I've come to spend two months in a Tuscan hilltown close to the city of Florence, lured to this country by the art, the food, and these words from the introduction to Calvino's book: "It is generally accepted that Italian tales from the oral tradition were recorded in literary works long before those of any other country." Likewise, from Marina Warner's recent work on the history of fairy tales (From The Beast to the Blonde): "Il Pentamerone [by Italian writer Giambattista Basile]. . .can lay claim to being the foundation stone of the modern literary fairy tale; published in 1634-36, it contains some of the earliest written versions of the most familiar stories." And so I've come here to explore the rich folklore tradition of Italy, following in the footsteps of Calvino, Warner, the Pre-Raphaelite painters, and countless other writers and artists who all succumbed to a passion for the stories of Italia -- and the beautiful land from which they spring.

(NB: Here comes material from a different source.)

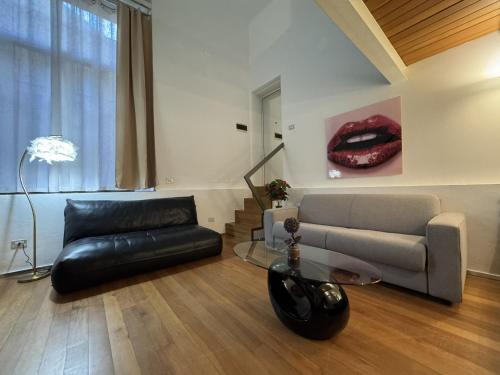 Luxury Loft in Chinatown - Sarpi District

Calvino began his task of collection with a dry, detached interest in the subject; but "I was gradually possessed by a kind of mania," he writes, "an insatiable hunger for more and more versions and variants. . .as a result of which I would have given all of Proust in exchange for a new variant of the 'gold-dung donkey'." He gradually became convinced that the "grace, wit and unity of design" to be found in the fairy tales of Italy is unsurpassed in the western world. Yet when we think of European fairy tales, we generally think of the French tales of Charles Perrault, the German tales of the Brothers Grimm, or the Danish tales of Hans Christian Andersen. We rarely think of Italy as being central to the European fairy tale tradition -- and indeed, it was not until the 1950s that Calvino's book (translated into English by George Martin) finally presented a comprehensive Italian collection to compare with the work of the Brothers Grimm. Yet centuries ago, these stories would have been known and circulated throughout Europe -- both through the oral tradition and through the publications of early Italian authors like Boccaccio, Straparola and Basile. In Italy we find some of the earliest published versions of very familiar fairy tales indeed: Sleeping Beauty, Cinderella, Puss in Boots, Red Riding Hood, Donkeyskin, The Handless Maiden, and many, many others -- told in an earthy, unflinching manner common to the oldest of fairy stories.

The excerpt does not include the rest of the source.